And yet: This artist — not only a Washington prize, but a national dance treasure — deserves better. Much better. The reason Burgess was such a wreck backstage was that something had gone wrong with the sound during the performance of his solo “Dariush.” While dancer Katia Chupashko Norri was onstage furling and unfurling her arms like silk, twisting herself through complicated and fascinating visual rhythms, the CD of Sheila Chandra’s velvet chanting was noisily stuttering and skipping, as if a DJ were in the sound booth scratching vinyl.
Still, Norri had things well under control. Her inner musicality as she whipped through the steps was unaffected, and her focused, quicksilver performance was one of the bravest I’ve seen.
I mention the sound fiasco not because it was the most remarkable part of the program — it wasn’t — but to underscore the point that an artist of Burgess’s high caliber and consistent excellence ought to be performing on the grandest stages rather than in a small, tucked-away corner, whatever its appeal of coziness and nostalgia.
From his very beginnings here, landing in 1989 from his New Mexico home, Burgess stood out as a dancer, with an unforgettable way of moving. He was at once calm and unrestrained, as if wind, fire and water fluctuated inside. When I first saw his company in 1993, its promise as a cultural and artistic force was clear. Burgess, a Korean American, set out on the bold course of telling Asian American stories in dance — in its first years, he called his group “Moving Forward,” with all the underlying meaning of revelation and progress against stereotypes that the phrase implies. And he has done exactly that. His works have grown sharper and cleaner year by year, and his audience — by no means limited to the Asian community — also has grown.

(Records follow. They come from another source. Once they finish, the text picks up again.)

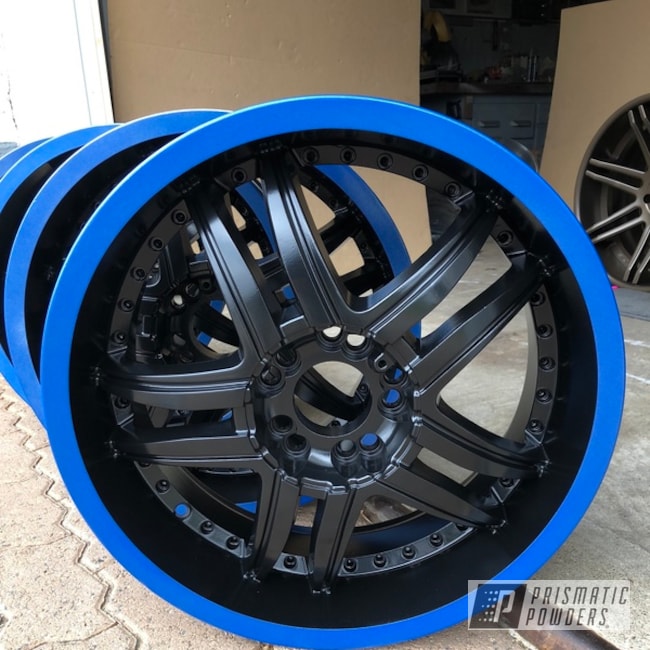 Powder Coated Two Toned 16 Inch Wheels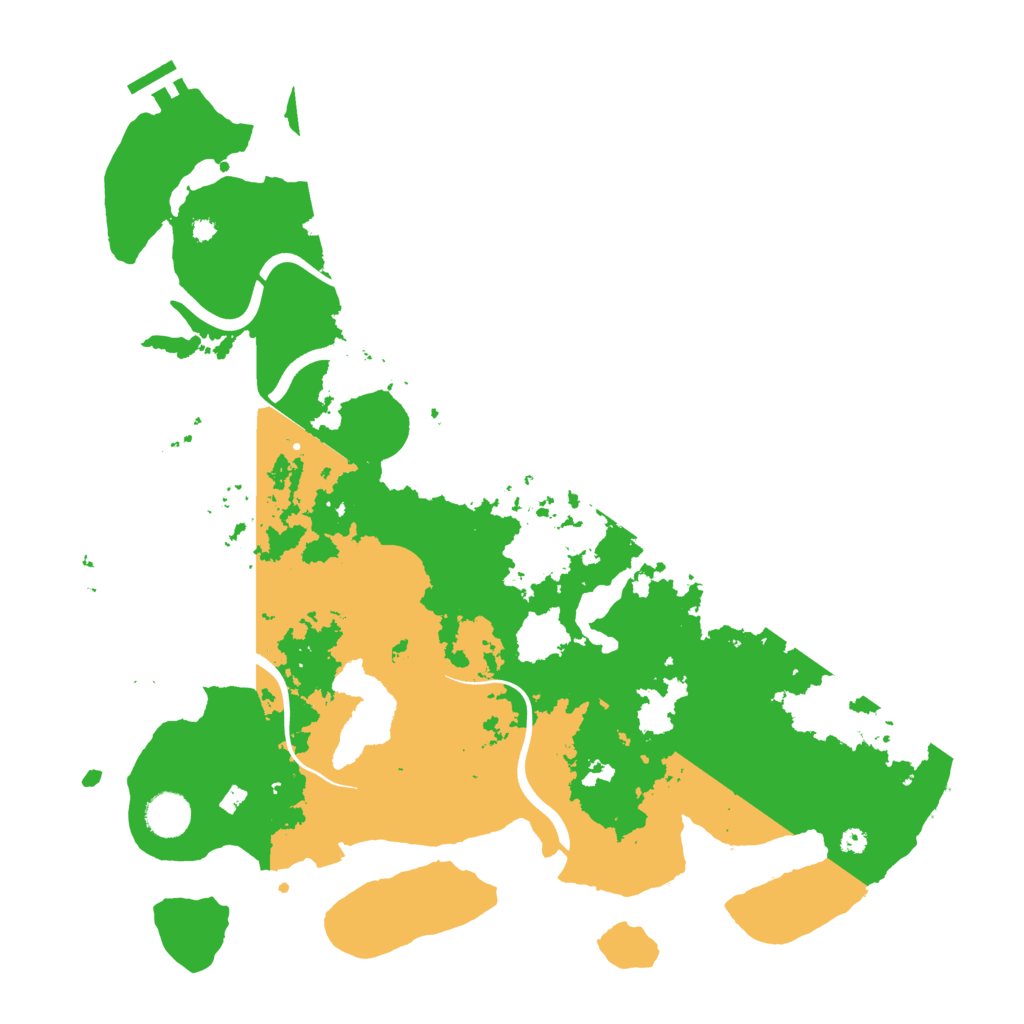 Biome Rust Map: Procedural Map, Size: 4000, Seed: 1029114788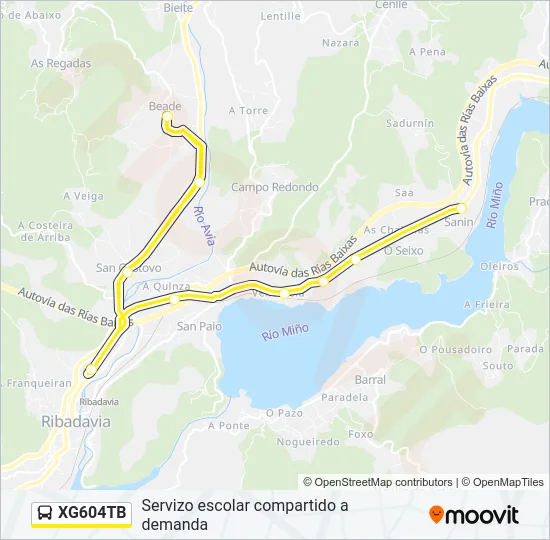 XG604TB Bus Line Map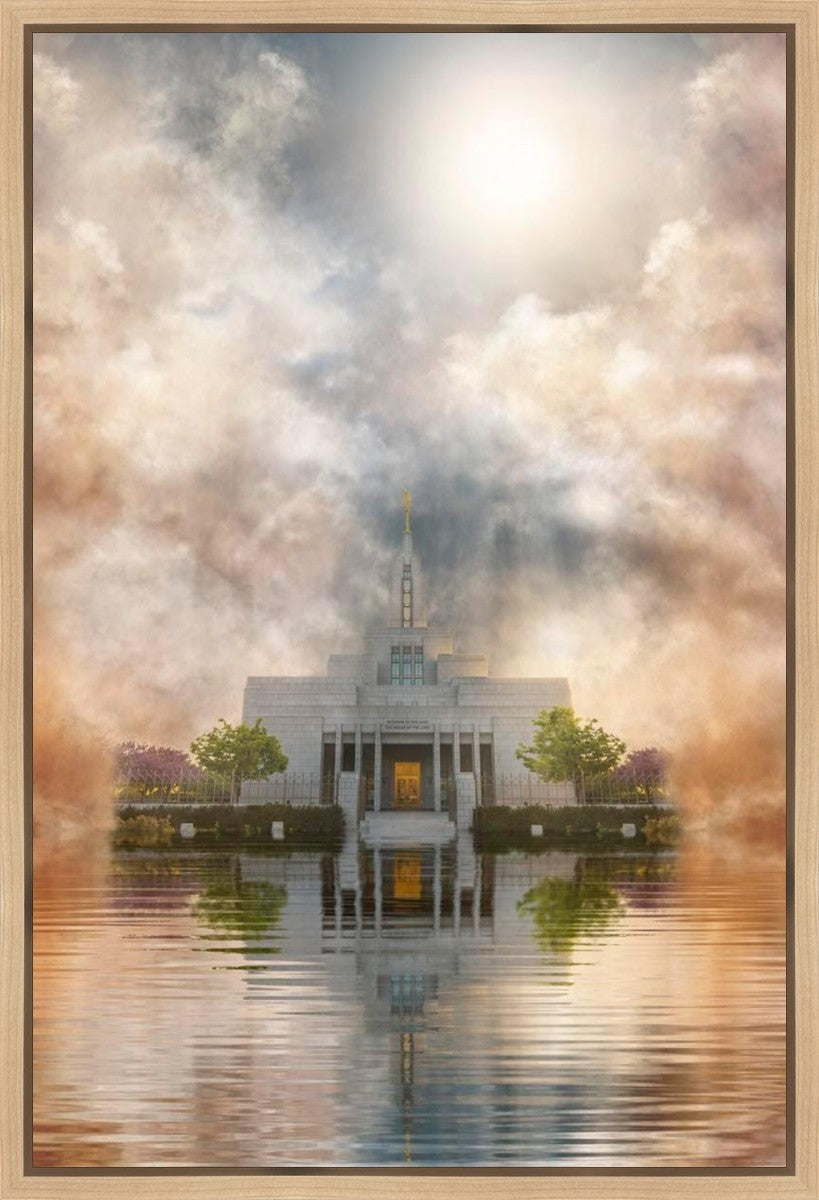 Millennial Reflection Draper Temple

Back in 1995, he told me in an interview: “What I’m trying to do right now is codify and explore a movement lexicon which is really my own.” He’s achieved that, too. His dancers move with an arresting mix of the innate smoothness and control that Burgess possessed as a dancer (he retired from the stage a few years ago), the crisp precision of the martial-arts training of his youth and modern-dance influences. Chief among these is the subtle aesthetic of Japanese choreographer Michio Ito. (Burgess revived a handful of Ito works in an illuminating 1996 program.)
Burgess’s unwavering thematic focus, deep investigation, unique vocabulary, choreographic craftsmanship, plus the equally lofty contributions from the designers with whom he collaborates: These all add up to a level of accomplishment few dance artists can match. And each of these elements was present in the weekend’s 20th-anniversary performances, which included the ensemble works “Becoming American,” drawing on Norri’s experience of being adopted from Korea, and “Charlie Chan and the Mystery of Love,” springing from Burgess’s childhood fascination with the Hollywood detective. There was also a premiere, “Caverns.”